Le Musée d’Orsay propose une très jolie exposition sur Maurice Denis, un des fondateurs du groupe des Nabis. Les nabis, "prophètes" en hébreu, petit groupe d’artistes dont Denis est le principal théoricien en peinture.
Le mouvement, crée en 1888, avec entre autres Bonnard et Vuillard comme compagnons de route, revendique un art simplifié, prenant Gauguin pour modèle. Les couleurs sont posées en aplat, avec une absence de perspective, il n’y a pas de profondeur dans le paysage mais de belles surfaces décoratives.
"Se servir de la nature sans perdre de vue l’objet essentiel de la peinture, qui est l’expression, l’émotion, la délectation" disait Maurice Denis. Connu de son vivant, il mourra en 1943 à 73 ans, laissant de nombreuses toiles et oeuvres décoratives. Il a notamment décoré la coupole du Théâtre des Champs-Élysées en 1912 et la Société des Nations à Genève dans les années 20.
L’exposition présente environ une centaine de tableaux et des panneaux décoratifs d’une grande beauté.
Les formes sont très épurées, sobres. Des jeunes femmes à la peau claire au "Portrait de famille" peint en 1902, Denis est inspiré par Marthe et des enfants qu’elle lui donne. Le couple convole en 1893. Elle, mourra en 1919 des suites d’une longue et douloureuse maladie. Lui, se remariera avec Elisabeth, sa seconde épouse, en 1922.
Marthe est sa première épouse et surtout, sa muse. C’est d’elle que s’inspire Denis quand il peint ses jeunes filles. Les formes de ces corps presque virginaux ne sont que distinguées, suggérées. Le vert, le rose et le bleu dominent et, laissent à la lumière, le pâle de la peau de ces jeunes filles aux yeux clairs. La toile est un élément de l’œuvre et pas seulement le support. C’est précieux.
Les thèmes bibliques l’inspirent autant que les jeunes femmes.
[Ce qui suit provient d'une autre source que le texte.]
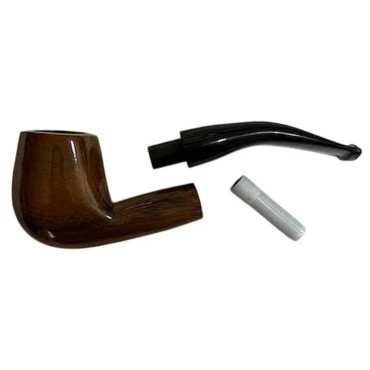 CACHIMBO BERTOLDI HOBBY CURVO MARROM CLARO com filtro 9mm codigo H-01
Le peintre associe des éléments du religieux et de sa famille comme pour "Jésus chez Marthe et Marie" peint en 1896. Pour le catholique qu’est Maurice Denis, la peinture est par essence "symboliste et chrétienne". Il décora plusieurs chapelles, dont celle de son propre prieuré de Saint-Germain-en-Laye. Le thème en est Sainte Marthe…
La deuxième partie de son oeuvre est marquée par un renouveau classique. Il laisse paraître un mélange d’antiquité et de moderne et un intérêt particulier aux effets de lumière. Les années 1920 sont celles de ses voyages en Italie. Il y a toujours l’association du bleu et du rose. Ces couleurs ont accompagné l’artiste tout au long de sa carrière. Il peint des grâces, des baigneuses, les plages. "Toute œuvre d’art [est] une transposition, une caricature, l’équivalent passionné d’une sensation reçue"…et le visiteur ressent.
La dernière partie de l’exposition donne la part belle aux arts décoratifs : des paravents aux teintes pâles où dominent, à nouveau, le rose et le vert, une frise pour la chambre de Marthe dans les tons bleus foncés. Le peintre travaille sur commande. Les riches mécènes sont parfois russes, parfois français. "La chasse de Saint-Hubert", commandée par le baron Denys Cochin est achevée en 1897. Les sept panneaux sont présentés, ici, en arc de cercle.
"L’Histoire de Psyché" n’a pas été revue en France depuis 1908. Denis l’avait alors exposée au Salon d’Automne. Les panneaux, normalement séparés entre le musée Pouchkine de Moscou et l’Ermitage à Saint-Pétersbourg, sont rassemblés et l’Histoire complète. Psyché accède à l’immortalité par la grâce de l’amour.
C’est la première rétrospective du "Nabi aux Belles icônes" depuis celles de 1970 à Paris et 1994 à Lyon. Une nouvelle découverte pour ceux qui ont vu les expositions, plus récentes, des autres nabis. Une découverte à ne pas manquer tant c’est beau.